Revelations, with three-headed beasts and the whore of Babylon, and then I’d run, flat out, as fast as I could for the door. Homicidal I could handle. Pseudo-evangelical nuttery? That terrified me.
But Frankie took a deep breath, and the crazy evaporated. That was when I knew she was capable of becoming whatever she needed to be to get whatever she wanted. She was a Russian nesting doll of personas.
“Talk to Rico,” she said. “Tell him he’s got the team in his corner, if he wants to be a team player.” She jabbed her chin at me. “Now it’s your turn. Pick a corner.”
I shouldered my bag. “I never left my corner.”
Chapter Twenty-three
Short on time, I decided to abandon my dress shopping plan.
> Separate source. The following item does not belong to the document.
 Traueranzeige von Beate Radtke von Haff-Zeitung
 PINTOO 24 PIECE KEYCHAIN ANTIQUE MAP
Instead, I went by the dry cleaners and retrieved my Friday night dress. I was heading back to the condo to change when Trey called, as promised, at five-fifteen on the dot.
By five-sixteen, however, I was fuming.
“What do you mean, you can’t make it? I know you got that report finished on time.”
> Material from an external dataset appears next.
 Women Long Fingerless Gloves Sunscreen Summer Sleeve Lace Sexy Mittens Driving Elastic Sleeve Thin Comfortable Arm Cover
“I did. But a new client came in this afternoon, and Marisa needs an intake report.”
“That’s bullshit, Trey. You could do that in the morning.”
“She wants it tonight.”
I felt like snatching my gun out of the holster and shooting something, preferably something overbearing and fake blond. “This is a power play, Trey, nothing more.”
“Tai—”
“She’s pissed that you have a life outside of that office that might inconvenience her empire, and she’s gonna step on you every time you try to—”
“Tai.”
I took a breath. “What?”
“I know this.”
“You do?”
“Yes. But there’s nothing I can do about it. Do you understand?”
I understood. He needed that job as much as she needed him to do it. It provided a framework to hang his life on, and without it…
I sighed. “I understand. I’m not happy, though.”
“I can still meet you at the gym after class.”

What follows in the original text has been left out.